Хаос на работе требовал идеального порядка дома - порядка, немыслимого, а значит, и недостижимого в семье, где росли и резвились трое маленьких детей. Поэтому и ярость нарастала. Дженис приняла на себя основную тяжесть. Стэнли, в остальном хороший и любящий муж и отец, должен был выплескивать и разглагольствовать еще долгие годы. (Неужели не было ни одного аспекта его мира, который он мог бы контролировать?! Как он ни старался - выбирал мебель и декор для дома, одежду для Дженис и детей, покупал продукты, назначал основные задания для всех - но, черт возьми, результаты никогда не были такими, как он хотел.) Его разочарование и ярость должны были стать продолжением Грассфилд-роуд. Его жена издавала сладкие глубокие вздохи и терпеливо понимала - однажды она написала стихотворение, вручила его ему и вышла из комнаты.
"Я не желаю ничего хорошего, я скучен до невозможности;
Никто не просил тебя жениться на мне.
Но вам понравились эти черты, и вы дали мне толчок;
За это я разрешаю тебе править ....
Если я выберу то, что мне нравится носить,
Вы говорите: "Нет. Носите это". Как будто тебе не все равно.
Но иногда я не знаю, почему,
Ты так равнодушен, что заставляешь меня плакать.
А теперь постарайтесь быть вежливыми - давайте не будем ссориться,
Скажите, какое платье мне надеть сегодня вечером?"
Дети, однако, не могли смириться с бурей. Они были свидетелями того, как отец ругался на мать, желая, чтобы она остановила его, но зная, что не сможет. "По большей части, - вспоминал Майкл, - она просто принимала это. Это была маленькая хрупкая женщина... Я был поражен, что она не плакала, когда он кричал на нее. Она почти никогда не плакала. Иногда она даже начинала с того, что задавала ему глупый вопрос. Она вытягивала его. Кэрол, Энди и я смотрели друг на друга и спрашивали: "Почему она это делает? Мы видели, что она приближается, и думали: "Осторожно! Давайте разойдемся по своим комнатам! Но им каким-то образом удавалось относиться к этому с чувством юмора. Кажется, он однажды сделал для нее футболку с надписью "DON'T YELL AT ME! А она сшила для него футболку с надписью "Я НЕ КРИЧУ!".

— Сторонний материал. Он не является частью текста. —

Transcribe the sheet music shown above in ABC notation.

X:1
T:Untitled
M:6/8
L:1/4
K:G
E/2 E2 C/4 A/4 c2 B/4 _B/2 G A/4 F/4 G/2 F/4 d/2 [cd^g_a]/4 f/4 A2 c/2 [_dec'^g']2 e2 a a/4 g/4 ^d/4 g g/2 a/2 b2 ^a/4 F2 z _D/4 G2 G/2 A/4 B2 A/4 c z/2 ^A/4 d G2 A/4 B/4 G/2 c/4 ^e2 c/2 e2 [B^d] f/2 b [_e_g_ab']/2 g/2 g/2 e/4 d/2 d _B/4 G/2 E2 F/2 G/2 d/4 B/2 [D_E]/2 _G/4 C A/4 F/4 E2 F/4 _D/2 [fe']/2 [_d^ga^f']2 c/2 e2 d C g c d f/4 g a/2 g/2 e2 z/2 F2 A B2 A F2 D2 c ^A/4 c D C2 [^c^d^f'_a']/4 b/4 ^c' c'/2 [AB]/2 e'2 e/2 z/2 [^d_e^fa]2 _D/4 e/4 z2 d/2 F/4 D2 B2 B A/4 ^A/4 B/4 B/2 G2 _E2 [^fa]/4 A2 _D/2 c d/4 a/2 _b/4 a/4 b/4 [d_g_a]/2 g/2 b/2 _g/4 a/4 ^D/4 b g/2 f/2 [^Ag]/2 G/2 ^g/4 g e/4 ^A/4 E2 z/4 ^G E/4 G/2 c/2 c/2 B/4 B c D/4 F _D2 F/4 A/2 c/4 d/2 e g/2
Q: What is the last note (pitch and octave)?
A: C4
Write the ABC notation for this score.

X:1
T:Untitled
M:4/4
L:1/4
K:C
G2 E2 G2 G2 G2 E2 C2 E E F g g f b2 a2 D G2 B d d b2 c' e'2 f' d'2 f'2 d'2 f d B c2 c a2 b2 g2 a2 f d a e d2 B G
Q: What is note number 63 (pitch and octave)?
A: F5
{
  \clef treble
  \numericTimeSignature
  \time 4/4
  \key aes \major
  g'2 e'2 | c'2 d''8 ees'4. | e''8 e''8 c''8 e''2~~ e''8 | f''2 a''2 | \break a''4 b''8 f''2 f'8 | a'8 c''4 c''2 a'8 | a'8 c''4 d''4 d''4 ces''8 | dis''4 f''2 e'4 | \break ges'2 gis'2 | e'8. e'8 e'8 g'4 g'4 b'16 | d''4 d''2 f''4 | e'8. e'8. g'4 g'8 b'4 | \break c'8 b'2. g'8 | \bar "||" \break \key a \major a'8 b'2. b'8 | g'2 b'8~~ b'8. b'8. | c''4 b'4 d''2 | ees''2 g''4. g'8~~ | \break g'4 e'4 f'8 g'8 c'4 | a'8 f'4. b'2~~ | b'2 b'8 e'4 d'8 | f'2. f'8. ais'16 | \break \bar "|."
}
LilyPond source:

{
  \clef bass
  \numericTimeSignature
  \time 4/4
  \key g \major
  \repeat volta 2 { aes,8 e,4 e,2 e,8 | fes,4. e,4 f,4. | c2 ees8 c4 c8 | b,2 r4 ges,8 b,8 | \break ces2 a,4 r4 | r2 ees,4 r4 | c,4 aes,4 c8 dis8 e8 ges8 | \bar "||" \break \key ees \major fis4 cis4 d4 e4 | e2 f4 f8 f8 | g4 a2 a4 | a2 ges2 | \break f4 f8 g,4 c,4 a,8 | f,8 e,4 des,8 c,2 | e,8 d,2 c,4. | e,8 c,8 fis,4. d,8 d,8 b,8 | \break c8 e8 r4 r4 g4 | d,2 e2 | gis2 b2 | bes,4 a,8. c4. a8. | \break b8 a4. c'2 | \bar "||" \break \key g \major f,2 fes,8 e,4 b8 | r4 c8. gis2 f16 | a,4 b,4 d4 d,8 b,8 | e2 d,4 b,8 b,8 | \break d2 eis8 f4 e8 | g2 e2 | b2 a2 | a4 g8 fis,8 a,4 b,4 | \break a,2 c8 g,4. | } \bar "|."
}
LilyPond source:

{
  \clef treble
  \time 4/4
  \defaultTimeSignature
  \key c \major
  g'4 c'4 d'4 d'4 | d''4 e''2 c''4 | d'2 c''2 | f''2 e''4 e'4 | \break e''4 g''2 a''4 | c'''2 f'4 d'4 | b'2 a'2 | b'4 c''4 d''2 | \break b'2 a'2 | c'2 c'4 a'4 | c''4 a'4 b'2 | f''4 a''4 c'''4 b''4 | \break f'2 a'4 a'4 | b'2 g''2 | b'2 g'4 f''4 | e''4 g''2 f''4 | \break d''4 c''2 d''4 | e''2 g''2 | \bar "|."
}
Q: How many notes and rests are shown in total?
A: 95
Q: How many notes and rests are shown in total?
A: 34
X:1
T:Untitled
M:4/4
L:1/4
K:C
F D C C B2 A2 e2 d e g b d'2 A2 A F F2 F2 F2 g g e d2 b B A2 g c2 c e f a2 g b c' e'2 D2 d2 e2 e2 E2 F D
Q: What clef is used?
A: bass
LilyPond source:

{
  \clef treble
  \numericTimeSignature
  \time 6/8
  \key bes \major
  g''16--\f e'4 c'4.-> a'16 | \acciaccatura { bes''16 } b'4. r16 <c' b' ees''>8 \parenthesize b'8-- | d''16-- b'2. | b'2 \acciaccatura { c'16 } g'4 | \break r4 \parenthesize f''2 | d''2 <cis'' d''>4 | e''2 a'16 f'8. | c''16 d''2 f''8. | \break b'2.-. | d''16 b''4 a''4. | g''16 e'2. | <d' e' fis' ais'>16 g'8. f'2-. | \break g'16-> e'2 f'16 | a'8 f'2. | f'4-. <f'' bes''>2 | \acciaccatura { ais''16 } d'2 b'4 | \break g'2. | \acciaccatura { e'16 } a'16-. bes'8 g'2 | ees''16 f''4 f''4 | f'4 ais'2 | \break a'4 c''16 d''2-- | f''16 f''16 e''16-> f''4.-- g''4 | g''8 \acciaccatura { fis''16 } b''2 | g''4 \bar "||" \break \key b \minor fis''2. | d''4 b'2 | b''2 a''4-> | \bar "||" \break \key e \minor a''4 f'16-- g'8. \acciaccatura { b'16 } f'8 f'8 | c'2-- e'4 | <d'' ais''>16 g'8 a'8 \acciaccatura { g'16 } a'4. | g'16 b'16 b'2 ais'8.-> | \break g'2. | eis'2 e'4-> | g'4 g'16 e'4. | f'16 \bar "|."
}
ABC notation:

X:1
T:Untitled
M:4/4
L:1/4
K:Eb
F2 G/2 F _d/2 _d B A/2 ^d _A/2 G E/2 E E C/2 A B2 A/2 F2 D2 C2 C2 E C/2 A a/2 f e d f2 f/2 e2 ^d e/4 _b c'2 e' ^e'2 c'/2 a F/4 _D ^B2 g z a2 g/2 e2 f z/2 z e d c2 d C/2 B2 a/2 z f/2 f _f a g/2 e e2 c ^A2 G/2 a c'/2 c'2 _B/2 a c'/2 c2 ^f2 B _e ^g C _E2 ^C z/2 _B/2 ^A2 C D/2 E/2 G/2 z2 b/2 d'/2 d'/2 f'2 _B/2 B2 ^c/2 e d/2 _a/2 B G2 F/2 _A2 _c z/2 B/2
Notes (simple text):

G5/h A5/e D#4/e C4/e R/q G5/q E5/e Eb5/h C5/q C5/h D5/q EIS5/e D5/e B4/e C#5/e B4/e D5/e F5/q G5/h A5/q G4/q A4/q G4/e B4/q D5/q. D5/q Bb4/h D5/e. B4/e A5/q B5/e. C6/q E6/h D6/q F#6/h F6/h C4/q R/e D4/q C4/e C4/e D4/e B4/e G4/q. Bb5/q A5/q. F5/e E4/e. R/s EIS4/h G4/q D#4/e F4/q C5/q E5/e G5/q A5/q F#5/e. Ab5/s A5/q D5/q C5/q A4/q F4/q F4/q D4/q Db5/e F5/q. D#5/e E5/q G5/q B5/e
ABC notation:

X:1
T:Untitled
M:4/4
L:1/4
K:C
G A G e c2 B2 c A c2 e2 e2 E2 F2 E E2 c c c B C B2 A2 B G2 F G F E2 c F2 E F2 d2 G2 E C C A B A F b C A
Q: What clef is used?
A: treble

Кэрол превратилась из младенца в подростка, и эта какофония звучала в ней постоянно, и она постоянно морщилась от нее. "Я видела в ней половичок, жертву", - вспоминает она. Он кричал: "Ты оставила свет включенным! "Опять подгоревший стейк! "Откуда ты взяла это мясо?! Я сидела там с узлами в животе. Это было почти как с отцом-алкоголиком, когда ты не хотел, чтобы твои друзья видели, что происходит, а иногда они видели. Я помню, как внутри у меня все кипело, и я думал: "Просто скажи ему, чтобы он заткнулся!". Позже я иногда говорил ей: "Уходи. Просто собери вещи, возьми нас и уезжай". В основном я просто уходил и включал стерео".
Энди молчал об этом. И тогда, и всегда. Он уходил из-за стола, из комнаты, из семьи, из реальности. До конца жизни он редко говорил с кем-либо о шуме, поднятом его отцом; это никогда не всплывало в обычных разговорах; конечно, он непроизвольно подчеркивал, что у него никогда не было обычных разговоров; они никогда не всплывали. (Конечно, он лично выдерживал порывы того же гнева, когда рос и испытывал отцовское терпение). Но он уделял достаточно внимания тону этих потоков - пронзительному, носовому, сиплому, отрывистому, неумолимому. Странно, но однажды он познакомился с одним особенно желчным лаунж-певцом, который, казалось, повторял, блеяние за блеянием, своеобразное стаккато изречений Стэнли Кауфмана. Даже увеличил их. И хотя он испытывал особую симпатию к этому неприятному лаунж-певцу, он никогда не одобрял все эти ужасные вопли. Это было не очень приятно.